EXERCISE INPUTS:

# # # # # # #

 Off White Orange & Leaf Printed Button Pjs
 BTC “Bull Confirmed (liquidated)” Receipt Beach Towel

# # # # # # #

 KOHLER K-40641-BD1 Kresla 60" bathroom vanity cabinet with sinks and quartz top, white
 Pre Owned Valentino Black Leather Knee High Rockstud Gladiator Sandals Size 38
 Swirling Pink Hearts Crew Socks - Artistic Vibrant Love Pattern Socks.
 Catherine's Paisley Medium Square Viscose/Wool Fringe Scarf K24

# # # # # # #

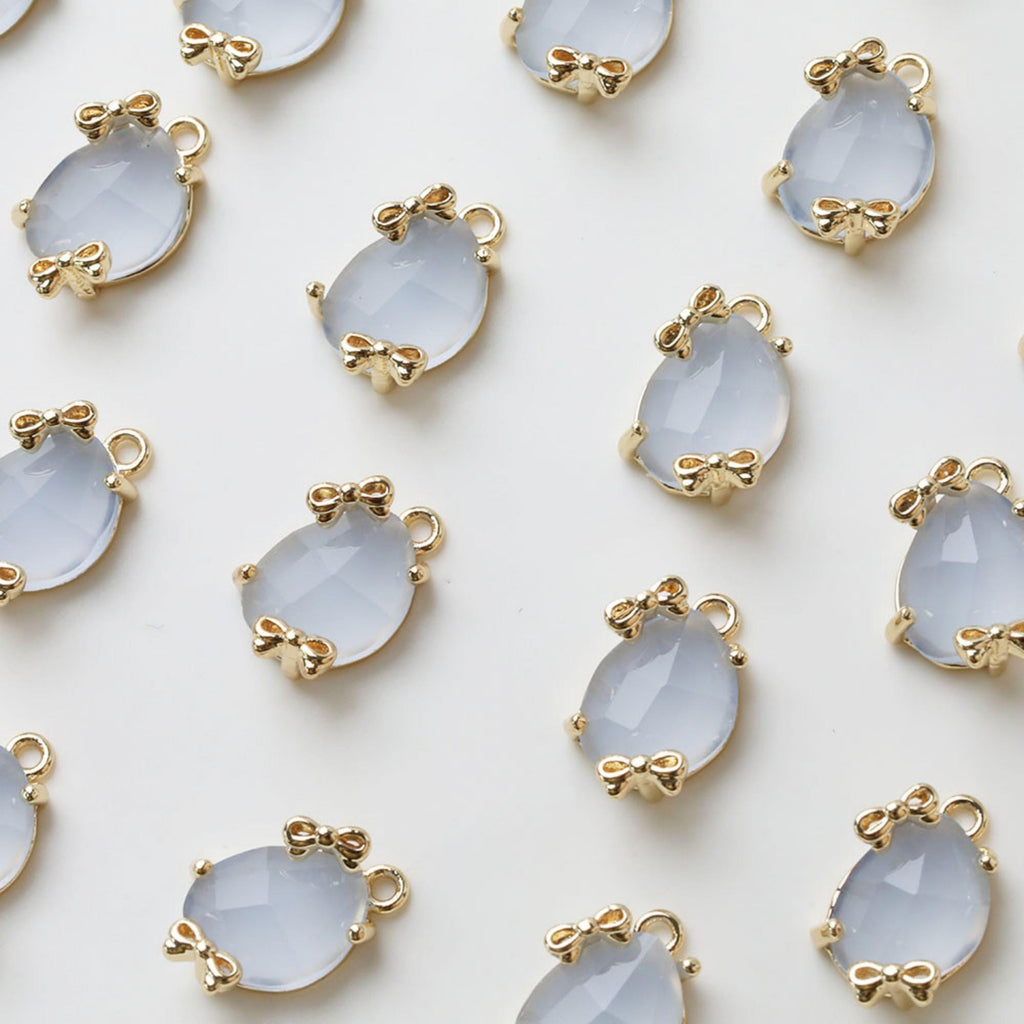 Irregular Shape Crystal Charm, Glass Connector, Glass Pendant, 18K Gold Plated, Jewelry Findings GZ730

# # # # # # #

In the listing above, find the line with "Off White Orange & Leaf Printed Button Pjs" and the line with "Receipt Beach Towel"; set down exactly those two lines and every line between them, nothing more.

WRITTEN ANSWER:
 Off White Orange & Leaf Printed Button Pjs
 BTC “Bull Confirmed (liquidated)” Receipt Beach Towel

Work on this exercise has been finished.